§ **Work instructions**: The expected output is an exact copy of the lines from the one containing "Kit 10 Panos" through the final line of the entries below, with no images.

START Data in this exercise

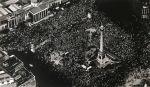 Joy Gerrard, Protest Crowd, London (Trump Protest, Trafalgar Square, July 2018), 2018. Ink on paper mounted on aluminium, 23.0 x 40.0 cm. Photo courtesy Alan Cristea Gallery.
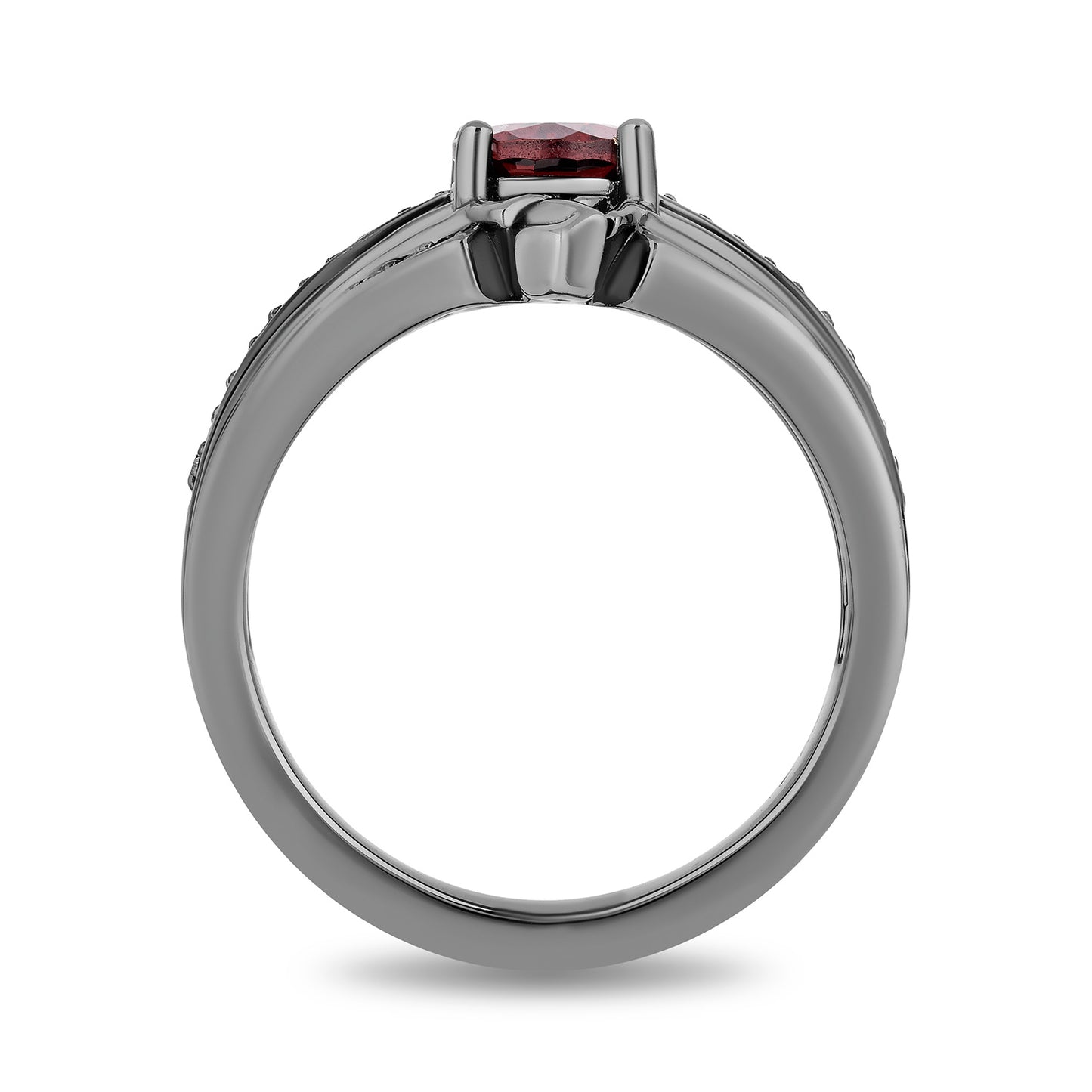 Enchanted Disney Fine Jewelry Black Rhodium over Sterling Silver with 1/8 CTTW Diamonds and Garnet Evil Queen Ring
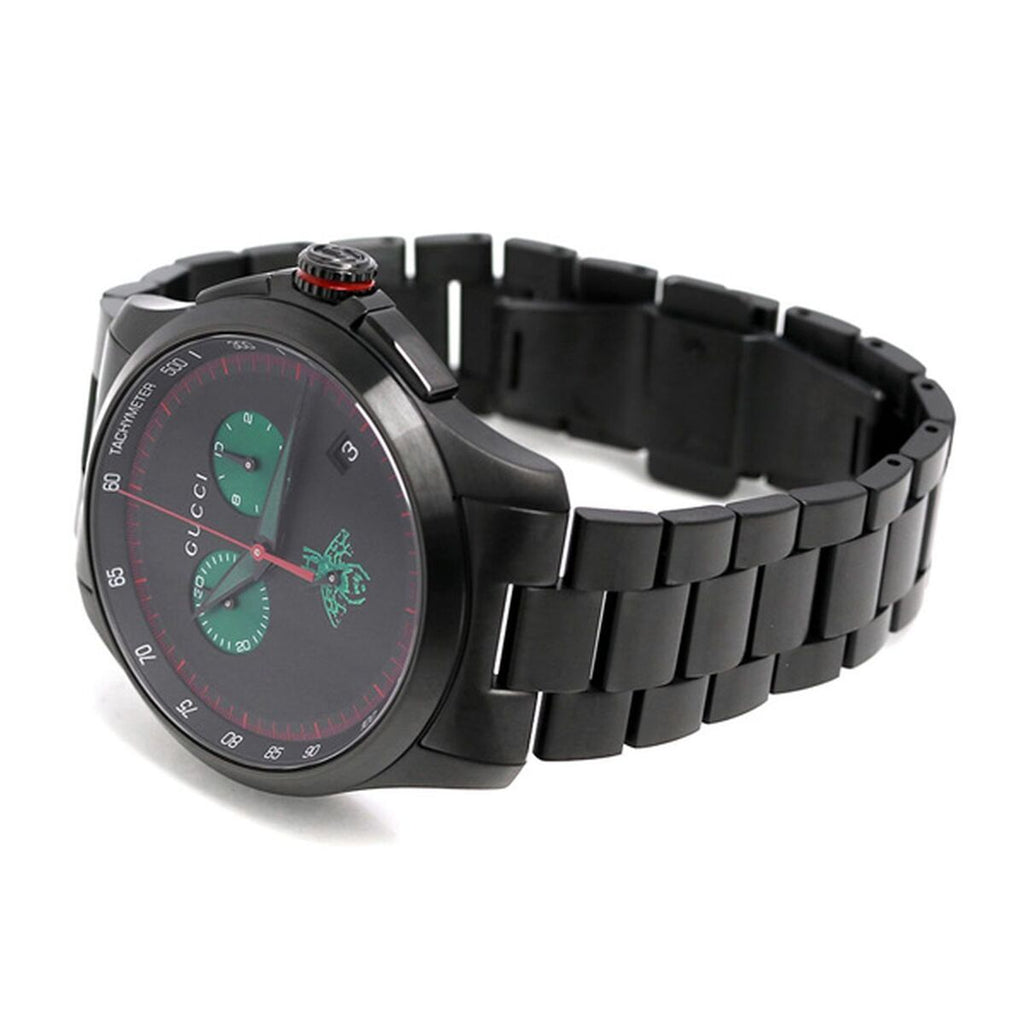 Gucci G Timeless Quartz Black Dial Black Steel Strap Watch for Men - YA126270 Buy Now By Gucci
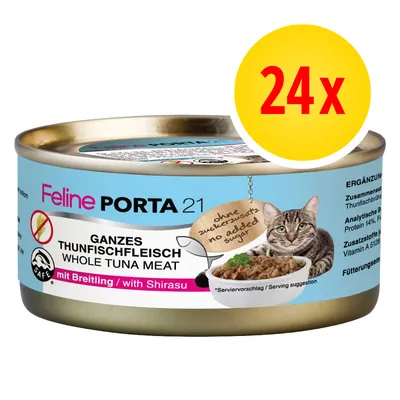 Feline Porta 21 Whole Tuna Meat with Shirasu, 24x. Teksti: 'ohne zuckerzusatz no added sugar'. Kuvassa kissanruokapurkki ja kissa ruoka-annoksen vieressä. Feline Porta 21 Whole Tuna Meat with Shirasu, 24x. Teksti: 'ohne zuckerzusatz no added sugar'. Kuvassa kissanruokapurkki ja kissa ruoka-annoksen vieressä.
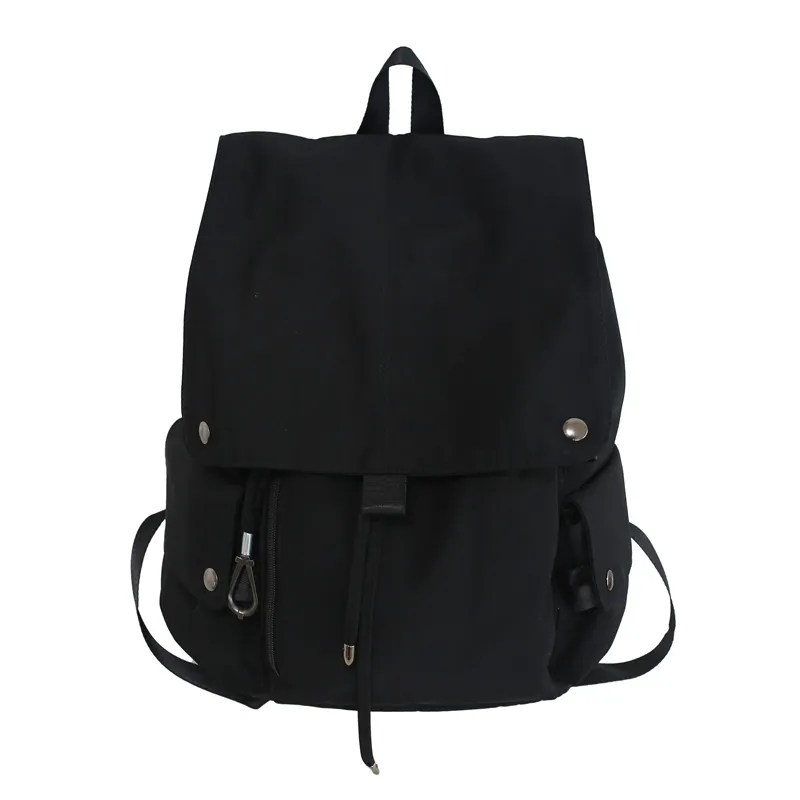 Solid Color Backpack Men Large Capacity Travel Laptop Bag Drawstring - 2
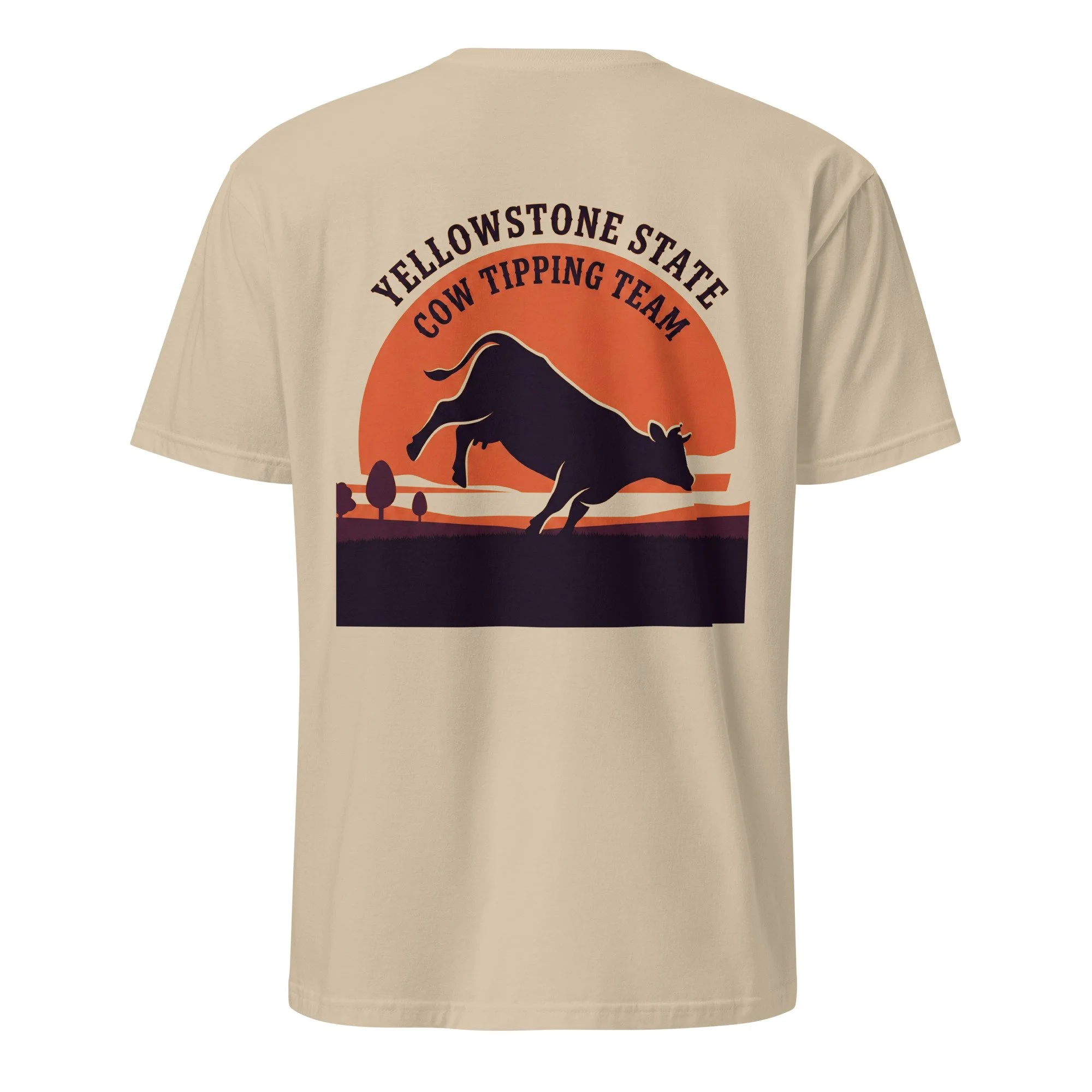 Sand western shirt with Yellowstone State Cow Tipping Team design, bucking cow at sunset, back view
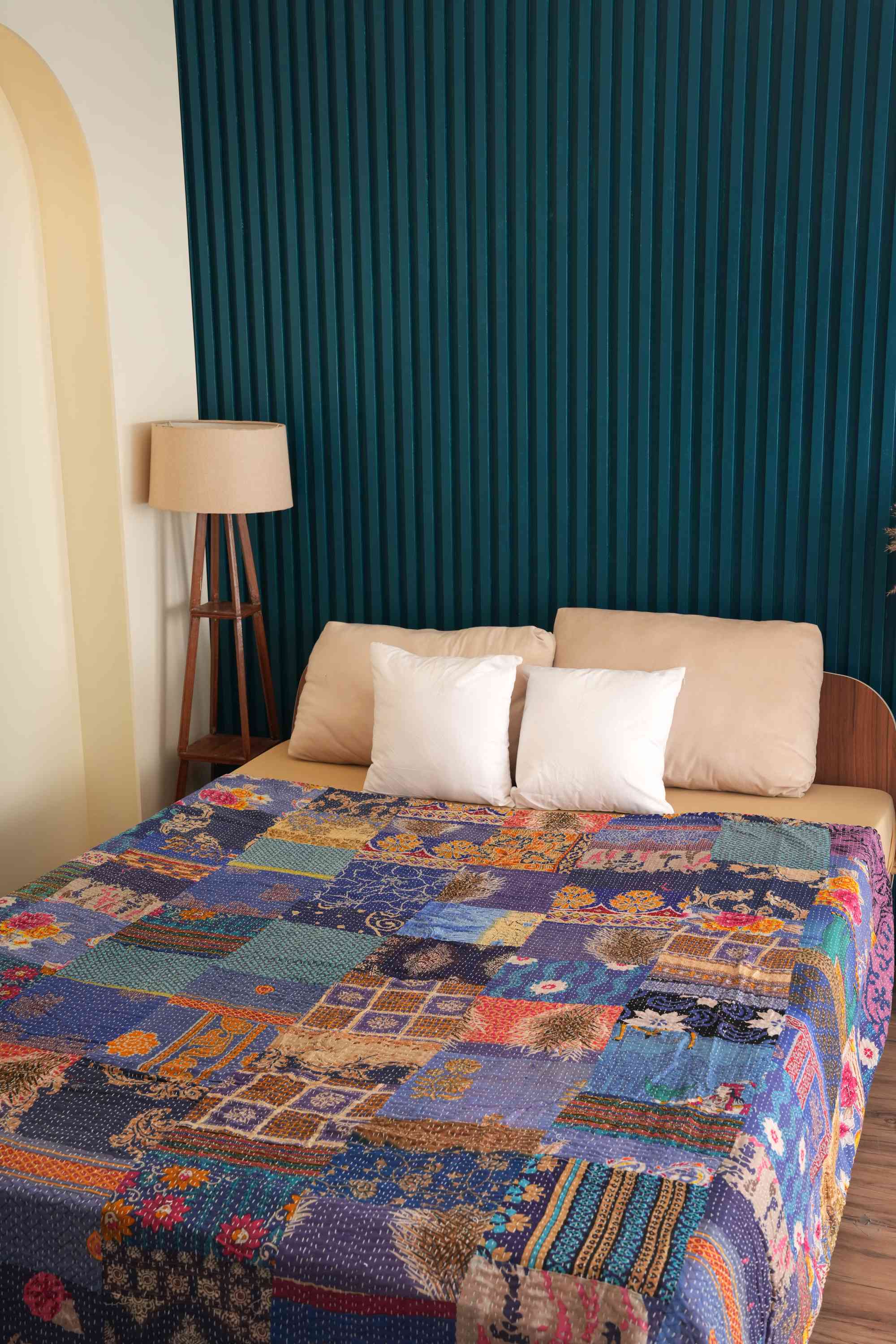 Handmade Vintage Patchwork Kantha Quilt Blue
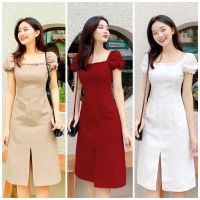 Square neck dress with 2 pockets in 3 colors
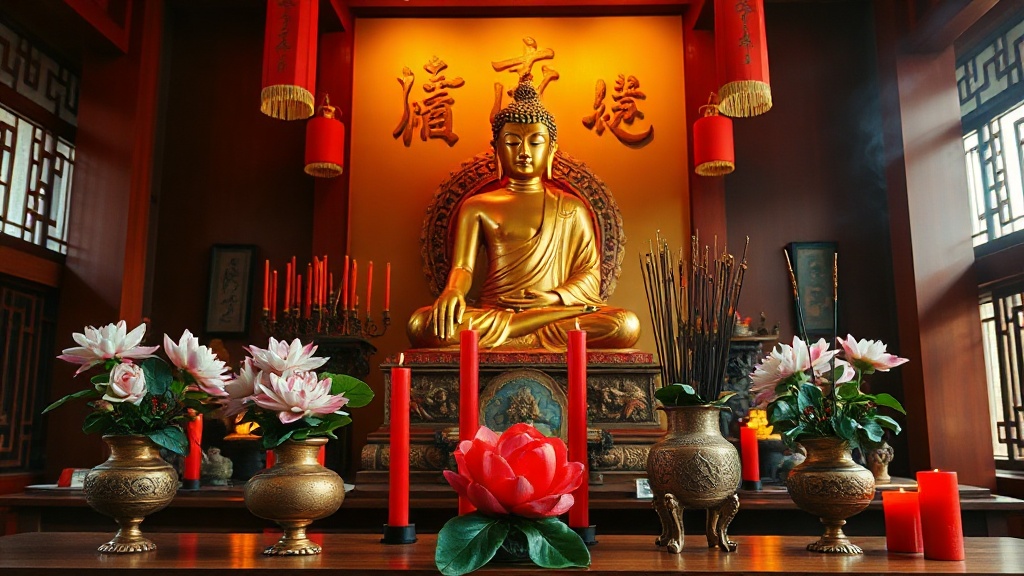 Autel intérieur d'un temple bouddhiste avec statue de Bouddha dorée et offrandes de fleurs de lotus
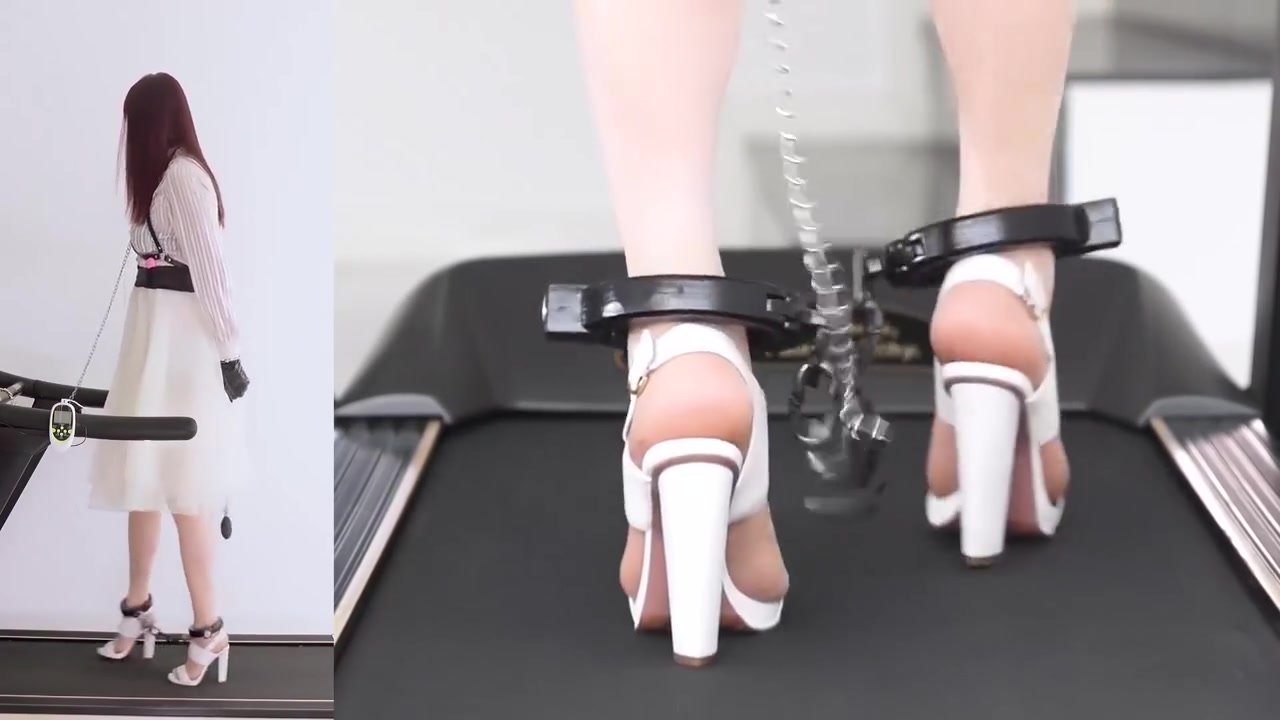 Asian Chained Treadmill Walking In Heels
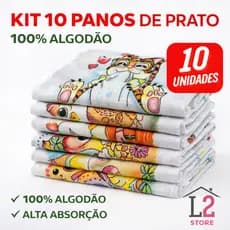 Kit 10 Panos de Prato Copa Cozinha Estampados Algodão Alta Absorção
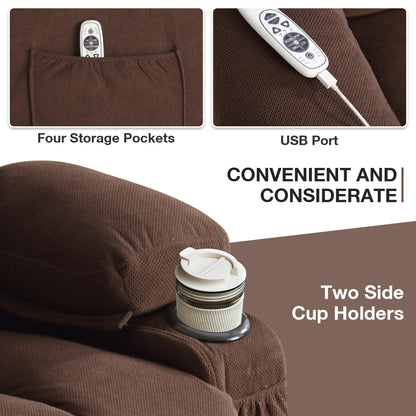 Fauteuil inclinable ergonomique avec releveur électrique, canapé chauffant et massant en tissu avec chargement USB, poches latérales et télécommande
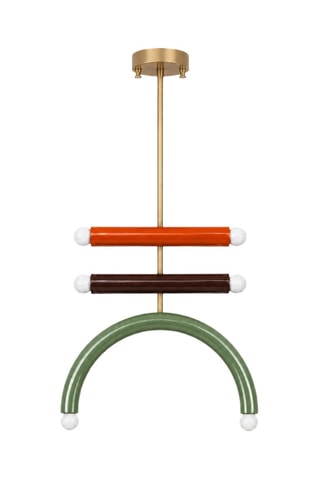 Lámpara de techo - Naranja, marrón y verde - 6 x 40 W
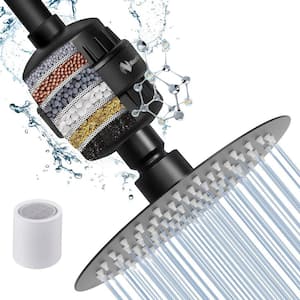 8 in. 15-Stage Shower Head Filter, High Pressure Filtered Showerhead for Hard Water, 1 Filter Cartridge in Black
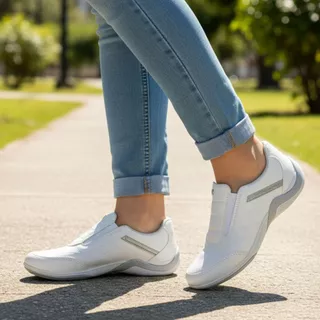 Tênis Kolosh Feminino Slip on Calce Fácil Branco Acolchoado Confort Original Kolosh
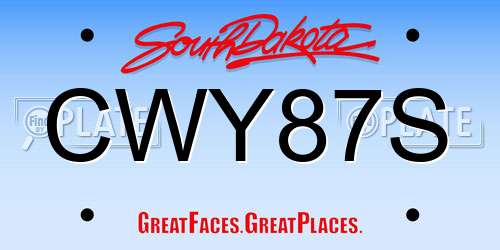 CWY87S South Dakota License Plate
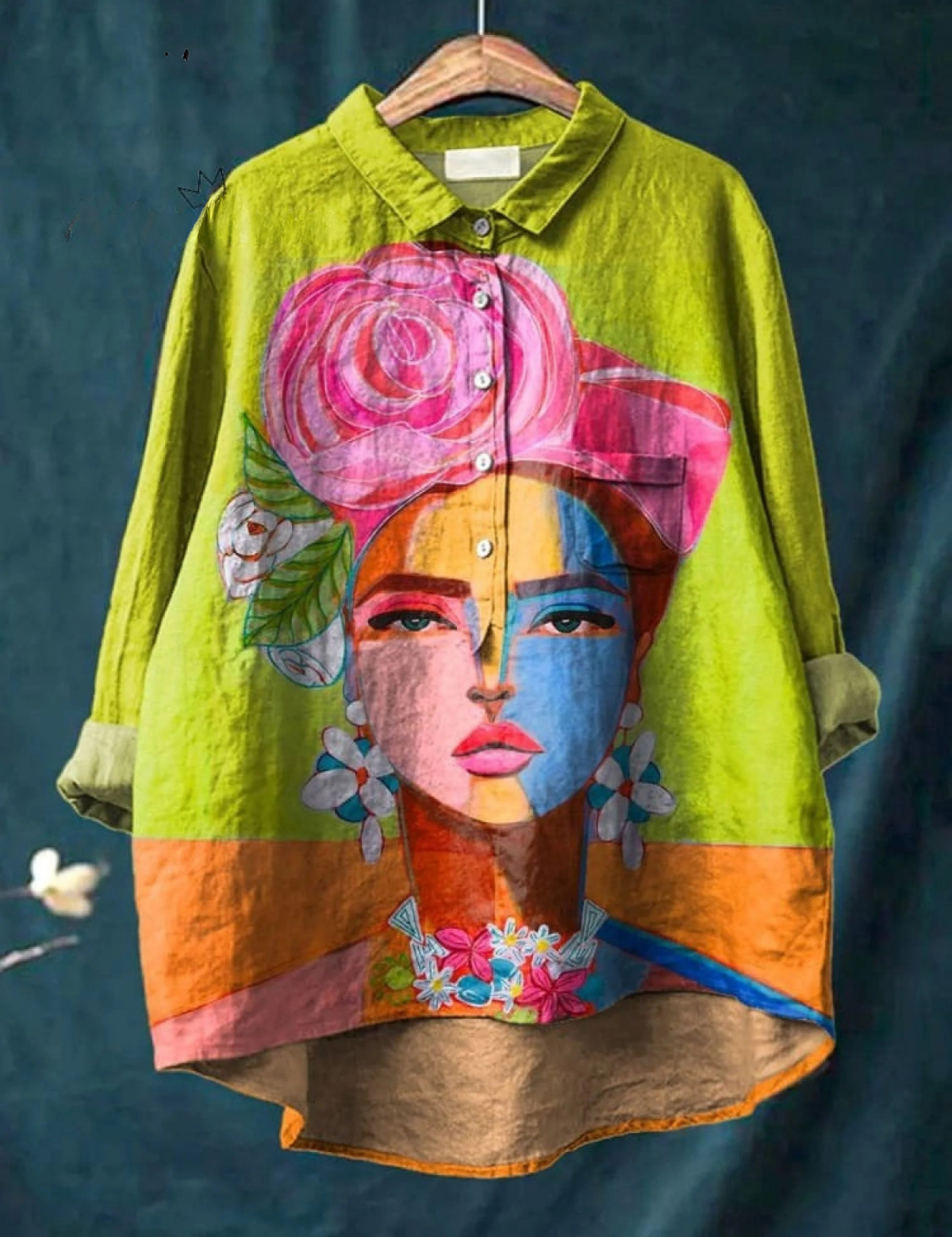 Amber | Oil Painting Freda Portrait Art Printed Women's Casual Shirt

END Data in this exercise

§ **Reply**:
 Kit 10 Panos de Prato Copa Cozinha Estampados Algodão Alta Absorção
 Fauteuil inclinable ergonomique avec releveur électrique, canapé chauffant et massant en tissu avec chargement USB, poches latérales et télécommande
 Lámpara de techo - Naranja, marrón y verde - 6 x 40 W
 8 in. 15-Stage Shower Head Filter, High Pressure Filtered Showerhead for Hard Water, 1 Filter Cartridge in Black
 Tênis Kolosh Feminino Slip on Calce Fácil Branco Acolchoado Confort Original Kolosh
 CWY87S South Dakota License Plate
 Amber | Oil Painting Freda Portrait Art Printed Women's Casual Shirt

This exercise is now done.